Онъ былъ тоже несчастенъ и откровенно признавался въ этомъ, вѣря чистосердечно вь тихое отчаяніе графини. Въ его жизни не хватало кое-чего. Онъ былъ одинокъ. И, увидя на лицѣ Кончи удивленное выраженіе, онъ энергично ударилъ себя въ грудь.
Да, онъ одинокъ. Онъ предвидѣлъ, что Конча скажетъ ему: у него есть жена и дочь… О Милитѣ онъ не желалъ и говорить; онъ обожалъ дочь, она радовала его сердце. Чувствуя себя усталымъ послѣ работы, онъ находилъ пріятный отдыхъ, когда обнималъ свою дѣвочку. Но онъ былъ еще слишкомъ молодъ, чтобы довольствоваться радостями отеческой любви. Онъ желалъ большаго и не находилъ этого въ подругѣ жизни, которая была вѣчно больна и разстроена. Кромѣ того она не понимала и не могла понять мужа; это была обуза въ его жизни, угнетавшая его художественный талантъ.
Бракъ ихъ былъ основанъ лишь на дружбѣ и на чувствѣ благодарности за всѣ лишенія, которыя они перенесли вмѣстѣ. Онъ тоже обманулся, принявъ за любовь то, что было только юношескимъ увлеченіемъ. Онъ жаждалъ истинной страсти; ему хотѣлось жить въ соприкосновеніи съ родственною душою, любить возвышенную женщину, которая понимала бы его дерзкіе порывы и съумѣла бы пожертвовать своими мѣщанскими предразсудками въ пользу требованій искусства!
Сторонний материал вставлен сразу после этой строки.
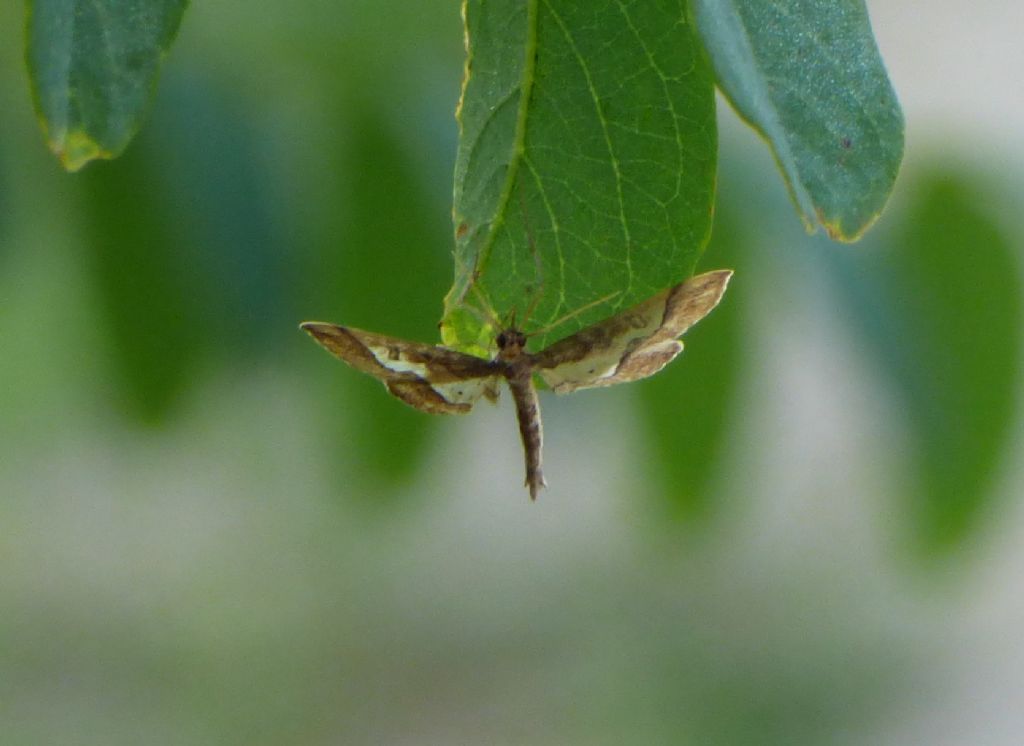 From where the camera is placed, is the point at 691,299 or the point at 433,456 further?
the point at 433,456

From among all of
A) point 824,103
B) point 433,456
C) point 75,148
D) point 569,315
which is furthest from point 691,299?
point 433,456

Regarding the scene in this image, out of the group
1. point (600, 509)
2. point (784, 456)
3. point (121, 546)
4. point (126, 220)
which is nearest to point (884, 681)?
point (784, 456)

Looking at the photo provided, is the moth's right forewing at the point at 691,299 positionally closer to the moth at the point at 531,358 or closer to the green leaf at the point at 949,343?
the moth at the point at 531,358

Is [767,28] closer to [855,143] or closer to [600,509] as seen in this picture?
[855,143]

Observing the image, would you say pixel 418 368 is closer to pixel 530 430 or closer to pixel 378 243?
pixel 530 430

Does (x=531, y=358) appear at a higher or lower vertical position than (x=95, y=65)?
lower

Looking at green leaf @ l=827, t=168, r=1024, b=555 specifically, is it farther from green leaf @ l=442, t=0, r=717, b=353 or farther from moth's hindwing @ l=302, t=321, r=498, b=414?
green leaf @ l=442, t=0, r=717, b=353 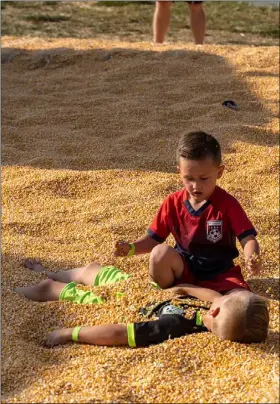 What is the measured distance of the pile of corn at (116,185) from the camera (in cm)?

Онъ говорилъ оживленно, устремивъ взглядъ въ глаза Кончи, блестѣвшіе подъ послѣдними косыми лучащ солнца.
Но взрывъ жестокаго, ироническаго смѣха заставилъ его вдругъ остановиться; и графиня откинулась назадъ, слрвно избѣгая близости художника, который медленно наклонялся къ ней.
– Однако, вы смѣлы, Маріано! Вотъ оно! Еще немного, и вы объяснитесь мнѣ въ любви. Господи, вотъ каковы мужчины! Съ ними невозможно поговорить по дружбѣ и слегка пооткровенничать безъ того, чтобы они сейчасъ же не заговорили о любви. Если бы я дала вамъ волю, то вы черезъ минуту заявили бы, что я – вашъ идеалъ… и вы обожаете меня.
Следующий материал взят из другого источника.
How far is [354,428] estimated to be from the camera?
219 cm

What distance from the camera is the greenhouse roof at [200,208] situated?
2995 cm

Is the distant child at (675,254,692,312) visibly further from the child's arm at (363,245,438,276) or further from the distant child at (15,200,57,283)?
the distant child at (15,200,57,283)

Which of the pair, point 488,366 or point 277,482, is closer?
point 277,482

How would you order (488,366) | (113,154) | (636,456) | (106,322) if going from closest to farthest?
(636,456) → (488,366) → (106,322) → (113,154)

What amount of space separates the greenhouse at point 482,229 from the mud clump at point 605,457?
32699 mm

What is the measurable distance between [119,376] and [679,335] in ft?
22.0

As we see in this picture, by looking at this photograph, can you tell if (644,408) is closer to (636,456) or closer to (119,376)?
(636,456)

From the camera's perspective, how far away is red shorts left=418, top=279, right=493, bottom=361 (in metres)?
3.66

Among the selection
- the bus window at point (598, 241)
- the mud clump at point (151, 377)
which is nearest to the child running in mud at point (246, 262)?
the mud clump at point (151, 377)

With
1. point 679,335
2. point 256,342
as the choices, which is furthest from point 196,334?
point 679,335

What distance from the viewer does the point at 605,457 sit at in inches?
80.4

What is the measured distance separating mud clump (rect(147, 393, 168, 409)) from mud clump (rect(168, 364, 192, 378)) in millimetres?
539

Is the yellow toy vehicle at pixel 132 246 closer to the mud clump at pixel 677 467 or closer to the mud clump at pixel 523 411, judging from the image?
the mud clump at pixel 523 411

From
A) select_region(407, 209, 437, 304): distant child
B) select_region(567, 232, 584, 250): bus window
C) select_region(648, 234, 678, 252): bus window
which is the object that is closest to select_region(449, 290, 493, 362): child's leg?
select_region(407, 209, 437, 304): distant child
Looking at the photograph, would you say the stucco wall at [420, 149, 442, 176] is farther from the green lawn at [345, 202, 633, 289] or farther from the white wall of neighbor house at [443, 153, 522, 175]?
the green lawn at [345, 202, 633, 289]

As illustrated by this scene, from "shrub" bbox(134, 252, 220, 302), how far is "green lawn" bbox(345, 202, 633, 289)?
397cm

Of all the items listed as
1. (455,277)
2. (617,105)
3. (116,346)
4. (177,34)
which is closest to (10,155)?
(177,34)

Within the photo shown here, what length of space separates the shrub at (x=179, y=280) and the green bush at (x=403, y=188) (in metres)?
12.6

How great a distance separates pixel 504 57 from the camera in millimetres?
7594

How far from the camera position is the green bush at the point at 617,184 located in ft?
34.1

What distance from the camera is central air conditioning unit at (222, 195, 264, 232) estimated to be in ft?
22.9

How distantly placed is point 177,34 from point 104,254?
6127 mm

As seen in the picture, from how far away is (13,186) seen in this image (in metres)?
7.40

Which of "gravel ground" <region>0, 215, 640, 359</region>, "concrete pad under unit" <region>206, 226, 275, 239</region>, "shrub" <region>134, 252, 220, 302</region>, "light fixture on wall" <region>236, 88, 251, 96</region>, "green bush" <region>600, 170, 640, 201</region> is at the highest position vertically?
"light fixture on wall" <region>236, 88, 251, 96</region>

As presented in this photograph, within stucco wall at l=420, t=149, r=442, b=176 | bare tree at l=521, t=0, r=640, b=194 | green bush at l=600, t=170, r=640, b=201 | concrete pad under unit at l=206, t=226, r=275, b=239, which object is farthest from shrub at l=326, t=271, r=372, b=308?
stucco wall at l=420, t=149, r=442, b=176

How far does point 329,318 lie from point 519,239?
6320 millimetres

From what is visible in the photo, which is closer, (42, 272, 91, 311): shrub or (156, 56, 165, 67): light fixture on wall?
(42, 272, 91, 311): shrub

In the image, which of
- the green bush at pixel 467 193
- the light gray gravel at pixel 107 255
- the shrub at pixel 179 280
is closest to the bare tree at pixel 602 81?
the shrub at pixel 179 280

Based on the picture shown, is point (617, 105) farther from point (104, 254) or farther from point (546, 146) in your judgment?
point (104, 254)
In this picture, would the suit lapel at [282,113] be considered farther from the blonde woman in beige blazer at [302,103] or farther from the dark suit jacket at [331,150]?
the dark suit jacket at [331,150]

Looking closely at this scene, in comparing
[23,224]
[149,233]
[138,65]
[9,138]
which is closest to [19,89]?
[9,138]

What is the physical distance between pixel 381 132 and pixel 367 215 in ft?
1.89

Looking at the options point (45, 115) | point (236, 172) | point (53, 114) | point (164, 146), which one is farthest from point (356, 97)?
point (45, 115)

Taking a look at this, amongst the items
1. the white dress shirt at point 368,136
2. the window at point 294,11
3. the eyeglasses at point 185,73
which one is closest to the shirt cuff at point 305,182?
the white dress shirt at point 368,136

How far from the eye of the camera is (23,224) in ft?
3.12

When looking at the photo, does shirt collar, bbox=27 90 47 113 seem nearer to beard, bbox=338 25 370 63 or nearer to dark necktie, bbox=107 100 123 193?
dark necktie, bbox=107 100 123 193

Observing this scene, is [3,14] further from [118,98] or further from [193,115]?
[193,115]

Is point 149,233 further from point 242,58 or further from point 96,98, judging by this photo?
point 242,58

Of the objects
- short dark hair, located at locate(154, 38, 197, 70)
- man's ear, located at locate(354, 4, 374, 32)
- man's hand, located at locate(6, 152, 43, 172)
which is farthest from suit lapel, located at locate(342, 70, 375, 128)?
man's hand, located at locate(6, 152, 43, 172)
Реновалесъ, отодвинувшійся отъ нея и опомнившійся, почувствовалъ себя оскорбленнымъ ея насмѣшливымъ тономъ и сказалъ спокойно:
– А что, если бы я былъ увѣренъ въ этомъ? Что, если бы я дѣйствительно любилъ васъ?
Снова огласилась комната смѣхомъ графини, но теперь онъ звучалъ неестественно, раздражая слухъ своею фальшью.
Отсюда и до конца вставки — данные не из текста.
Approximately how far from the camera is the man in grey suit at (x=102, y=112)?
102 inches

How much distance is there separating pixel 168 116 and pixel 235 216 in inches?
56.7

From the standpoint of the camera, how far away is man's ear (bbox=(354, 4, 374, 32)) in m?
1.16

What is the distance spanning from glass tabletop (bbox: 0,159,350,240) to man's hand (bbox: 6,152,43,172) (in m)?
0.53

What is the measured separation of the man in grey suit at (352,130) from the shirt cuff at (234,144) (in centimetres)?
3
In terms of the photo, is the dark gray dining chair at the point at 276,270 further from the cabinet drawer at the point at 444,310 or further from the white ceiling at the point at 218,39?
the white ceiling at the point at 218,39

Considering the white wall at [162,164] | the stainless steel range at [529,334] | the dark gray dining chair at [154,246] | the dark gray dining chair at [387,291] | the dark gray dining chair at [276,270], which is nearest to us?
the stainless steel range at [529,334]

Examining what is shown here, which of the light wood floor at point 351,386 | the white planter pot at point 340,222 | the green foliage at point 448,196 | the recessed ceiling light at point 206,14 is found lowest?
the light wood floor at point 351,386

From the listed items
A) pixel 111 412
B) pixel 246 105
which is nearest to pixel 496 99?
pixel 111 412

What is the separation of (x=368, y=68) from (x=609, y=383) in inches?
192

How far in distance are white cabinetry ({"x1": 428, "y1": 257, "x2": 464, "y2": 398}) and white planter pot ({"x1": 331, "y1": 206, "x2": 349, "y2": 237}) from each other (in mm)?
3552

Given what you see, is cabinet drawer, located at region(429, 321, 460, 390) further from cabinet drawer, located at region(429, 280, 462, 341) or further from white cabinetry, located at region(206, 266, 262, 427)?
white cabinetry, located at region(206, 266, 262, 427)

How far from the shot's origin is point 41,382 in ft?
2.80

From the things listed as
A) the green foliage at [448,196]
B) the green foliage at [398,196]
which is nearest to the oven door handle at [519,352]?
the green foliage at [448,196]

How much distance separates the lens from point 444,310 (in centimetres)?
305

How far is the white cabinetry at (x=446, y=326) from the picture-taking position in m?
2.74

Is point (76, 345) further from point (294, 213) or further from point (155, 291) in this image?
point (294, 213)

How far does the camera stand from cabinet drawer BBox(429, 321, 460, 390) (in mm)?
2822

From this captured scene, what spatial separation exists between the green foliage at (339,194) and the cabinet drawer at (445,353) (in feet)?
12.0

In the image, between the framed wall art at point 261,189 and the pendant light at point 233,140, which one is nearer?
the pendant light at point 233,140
– Какъ разъ то, чего я ждала! Форменное объясненіе въ любви! Это уже третье, что я выслушиваю сегодня. Неужели нельзя говорить съ мужчиной ни о чемъ иномъ, кромѣ любви?
Она встала, ища взглядомъ шляпу, но не помня, куда положила ее.
– Я ухожу, cher maitre. Здѣсь опасно оставаться. Я постараюсь приходить впредь пораньше, такъ, чтобы сумерки не заставали насъ въ мастерской. Это предательскій часъ… часъ глупостей.
Но художникъ не отпускалъ ея. Карета ея не была еще подана. Конча могла подождать немного. Онъ обѣщалъ сидѣть спокойно и не разговаривать, разъ это ей непріятно.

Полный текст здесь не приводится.